Он не стесняется обозначить происхождение: "Я родом из Марбурга, поздняя поросль..." (Пастернак), "Пой, соломинка в челюсти грабель!" (Мандельштам), "Улыбка моя означает / Неразвитость детской души", "спит опоссум на дороге / засыпай и ты малыш" (прямой Заболоцкий, который вообще очень слышен у раннего Цветкова).
Он может быть безжалостен к себе: "Умение быть нелюбимым / Помимо таланта дано". Но тут, конечно, уничижение паче гордости: "Все выживет, в фонемах каменея".
Выживает.
Выживает не вопреки, а благодаря той нелепой бессмысленности бытия, которую так точно и проницательно воспроизводит Цветков в своем безжалостном стихотворном пунктире, иногда доходящем до жестокости. Ему все равно, поймут ли его, он и не стремится к понятности лексической, за ним всегда – фонетическая внятность, акустическая убедительность.

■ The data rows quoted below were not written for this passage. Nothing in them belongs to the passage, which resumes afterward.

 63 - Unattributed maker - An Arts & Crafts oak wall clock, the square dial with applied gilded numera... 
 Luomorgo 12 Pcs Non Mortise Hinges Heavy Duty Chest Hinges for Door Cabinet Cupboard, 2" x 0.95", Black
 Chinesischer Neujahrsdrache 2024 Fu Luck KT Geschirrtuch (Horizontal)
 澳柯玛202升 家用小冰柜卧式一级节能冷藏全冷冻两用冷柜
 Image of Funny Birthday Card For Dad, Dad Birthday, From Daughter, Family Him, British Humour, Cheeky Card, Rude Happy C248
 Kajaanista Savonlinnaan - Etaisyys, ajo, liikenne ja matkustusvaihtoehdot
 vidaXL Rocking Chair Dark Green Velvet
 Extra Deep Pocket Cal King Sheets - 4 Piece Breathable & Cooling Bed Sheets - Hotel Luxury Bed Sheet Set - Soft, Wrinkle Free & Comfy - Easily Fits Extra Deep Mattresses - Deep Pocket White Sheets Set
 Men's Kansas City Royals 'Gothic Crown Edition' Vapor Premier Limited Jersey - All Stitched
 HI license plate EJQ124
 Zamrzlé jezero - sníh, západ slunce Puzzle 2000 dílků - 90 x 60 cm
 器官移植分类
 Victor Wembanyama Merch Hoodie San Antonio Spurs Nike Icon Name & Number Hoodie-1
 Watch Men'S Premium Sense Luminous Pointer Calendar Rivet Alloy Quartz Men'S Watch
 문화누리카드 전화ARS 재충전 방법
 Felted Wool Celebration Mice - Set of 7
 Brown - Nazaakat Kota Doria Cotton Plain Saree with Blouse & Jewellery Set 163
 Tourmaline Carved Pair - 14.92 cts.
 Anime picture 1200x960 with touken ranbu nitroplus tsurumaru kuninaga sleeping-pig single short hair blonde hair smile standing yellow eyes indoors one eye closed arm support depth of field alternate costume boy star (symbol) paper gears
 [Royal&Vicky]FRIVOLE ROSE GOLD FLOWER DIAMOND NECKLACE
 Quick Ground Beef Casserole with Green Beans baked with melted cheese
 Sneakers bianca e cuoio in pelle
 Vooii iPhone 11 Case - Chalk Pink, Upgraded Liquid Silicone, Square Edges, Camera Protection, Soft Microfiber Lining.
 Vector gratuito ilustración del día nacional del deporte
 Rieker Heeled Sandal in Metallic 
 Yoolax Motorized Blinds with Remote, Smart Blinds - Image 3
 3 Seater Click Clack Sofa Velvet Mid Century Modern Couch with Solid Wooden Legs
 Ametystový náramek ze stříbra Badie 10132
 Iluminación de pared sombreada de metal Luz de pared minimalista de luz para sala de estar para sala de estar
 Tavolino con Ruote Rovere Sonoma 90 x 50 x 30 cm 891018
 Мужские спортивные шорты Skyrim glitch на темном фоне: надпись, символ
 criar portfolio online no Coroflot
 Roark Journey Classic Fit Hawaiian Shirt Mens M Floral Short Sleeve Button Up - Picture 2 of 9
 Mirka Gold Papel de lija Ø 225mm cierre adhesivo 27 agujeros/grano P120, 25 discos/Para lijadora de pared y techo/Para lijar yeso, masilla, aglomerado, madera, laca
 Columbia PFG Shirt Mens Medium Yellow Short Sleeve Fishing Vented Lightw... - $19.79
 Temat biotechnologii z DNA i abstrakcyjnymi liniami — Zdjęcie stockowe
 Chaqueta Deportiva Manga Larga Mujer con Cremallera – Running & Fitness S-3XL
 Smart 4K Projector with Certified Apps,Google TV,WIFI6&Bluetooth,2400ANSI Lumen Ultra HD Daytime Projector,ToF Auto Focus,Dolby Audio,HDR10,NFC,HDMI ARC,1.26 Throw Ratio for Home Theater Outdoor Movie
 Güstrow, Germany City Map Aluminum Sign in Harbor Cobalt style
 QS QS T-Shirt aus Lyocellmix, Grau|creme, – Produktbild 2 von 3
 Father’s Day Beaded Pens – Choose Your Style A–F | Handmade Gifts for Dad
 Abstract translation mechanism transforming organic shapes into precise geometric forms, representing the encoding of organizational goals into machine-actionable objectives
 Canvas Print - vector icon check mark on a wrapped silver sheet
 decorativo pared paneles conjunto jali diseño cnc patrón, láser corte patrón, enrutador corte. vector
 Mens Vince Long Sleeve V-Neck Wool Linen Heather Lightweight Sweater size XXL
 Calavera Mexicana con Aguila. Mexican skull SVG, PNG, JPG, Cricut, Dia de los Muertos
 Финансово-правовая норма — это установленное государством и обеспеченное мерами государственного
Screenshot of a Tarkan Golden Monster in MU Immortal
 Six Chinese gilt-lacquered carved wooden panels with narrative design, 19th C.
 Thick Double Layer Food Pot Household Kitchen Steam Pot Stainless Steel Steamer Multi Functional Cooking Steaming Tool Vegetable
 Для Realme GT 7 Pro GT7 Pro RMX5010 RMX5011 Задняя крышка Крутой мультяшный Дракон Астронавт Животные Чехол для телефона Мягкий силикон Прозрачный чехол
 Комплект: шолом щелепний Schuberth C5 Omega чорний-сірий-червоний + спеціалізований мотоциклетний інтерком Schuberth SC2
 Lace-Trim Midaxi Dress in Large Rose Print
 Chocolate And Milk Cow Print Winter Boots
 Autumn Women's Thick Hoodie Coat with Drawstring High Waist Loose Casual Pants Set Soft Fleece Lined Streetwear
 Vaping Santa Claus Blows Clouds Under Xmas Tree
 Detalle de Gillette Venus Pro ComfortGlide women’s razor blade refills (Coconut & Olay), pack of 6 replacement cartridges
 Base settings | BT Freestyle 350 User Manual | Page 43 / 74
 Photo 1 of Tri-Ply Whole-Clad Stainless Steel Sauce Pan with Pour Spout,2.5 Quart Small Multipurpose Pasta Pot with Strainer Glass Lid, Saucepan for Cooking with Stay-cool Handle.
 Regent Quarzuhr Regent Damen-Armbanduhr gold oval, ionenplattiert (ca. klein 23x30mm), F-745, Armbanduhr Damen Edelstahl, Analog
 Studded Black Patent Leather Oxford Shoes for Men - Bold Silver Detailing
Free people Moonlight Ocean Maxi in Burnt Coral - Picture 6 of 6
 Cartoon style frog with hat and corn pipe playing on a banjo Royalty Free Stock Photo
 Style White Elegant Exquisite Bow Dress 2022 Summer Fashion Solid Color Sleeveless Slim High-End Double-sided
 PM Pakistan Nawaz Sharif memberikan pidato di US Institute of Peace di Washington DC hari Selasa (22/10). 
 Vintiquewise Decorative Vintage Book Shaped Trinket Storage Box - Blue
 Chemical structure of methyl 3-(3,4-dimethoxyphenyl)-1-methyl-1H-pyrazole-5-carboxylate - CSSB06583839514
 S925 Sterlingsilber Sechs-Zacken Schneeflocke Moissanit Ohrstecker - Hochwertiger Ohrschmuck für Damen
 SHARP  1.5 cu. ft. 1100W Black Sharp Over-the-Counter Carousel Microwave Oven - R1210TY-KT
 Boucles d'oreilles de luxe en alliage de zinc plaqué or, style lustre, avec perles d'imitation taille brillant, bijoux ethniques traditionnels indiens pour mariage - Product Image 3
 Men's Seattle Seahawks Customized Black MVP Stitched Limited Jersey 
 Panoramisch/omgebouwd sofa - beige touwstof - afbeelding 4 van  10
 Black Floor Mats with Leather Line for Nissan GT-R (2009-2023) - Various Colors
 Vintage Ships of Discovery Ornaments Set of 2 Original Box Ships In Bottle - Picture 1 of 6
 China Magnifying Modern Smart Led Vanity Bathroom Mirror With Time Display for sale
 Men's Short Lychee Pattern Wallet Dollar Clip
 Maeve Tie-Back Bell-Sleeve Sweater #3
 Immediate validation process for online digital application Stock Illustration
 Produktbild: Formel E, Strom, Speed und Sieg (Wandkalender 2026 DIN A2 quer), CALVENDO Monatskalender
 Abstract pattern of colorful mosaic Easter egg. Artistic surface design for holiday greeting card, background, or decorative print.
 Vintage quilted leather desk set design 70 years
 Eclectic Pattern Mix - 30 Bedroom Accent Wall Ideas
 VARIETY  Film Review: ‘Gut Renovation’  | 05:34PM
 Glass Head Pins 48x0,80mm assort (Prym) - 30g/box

Как писал Блок: "Всякое стихотворение – покрывало, растянутое на остриях нескольких слов. Эти слова светятся, как звезды. Из‑за них существует стихотворение. Тем оно темнее, чем отдаленнее эти слова от текста". У Цветкова о том же: "какие случаи напрасные везде / недоумения пехотные окопы", или так: "окликнешь кореша из сумерек семен / и ждешь уверенный а он Григорий вовсе".
|
|
Однако есть и доверие: "гитару в сторону давай друг другу сниться / а жить само сумеется тогда".
И даже потом, через десятилетия, после молчания, с той же японской страстью: "проснуться прежним навеки на этих фото". Нечто постоянное прослеживается в Цветковских стихах, да и в нем самом: запечатлеть, поместить в слепящую прорезь картона, поверить.
С такой трогательностью поэт глядит на свою юность, и этот Цветков немного другой, проговаривающий больше и подробнее, а в прозаических главках книги "Эдем" даже не по‑цветковски обильно: "И если есть Бог, а теперь считают, что непременно есть, надо спросить Его, куда девается то, что проходит? Может быть, прошедшее – это все равно что никогда не бывшее. Есть только то, что есть сейчас, а того, что было, сейчас нет. Был город, город, были в нем какие‑то жители, но теперь остается полагаться на память, потому что нельзя уже протянуть руку и сказать: вот!"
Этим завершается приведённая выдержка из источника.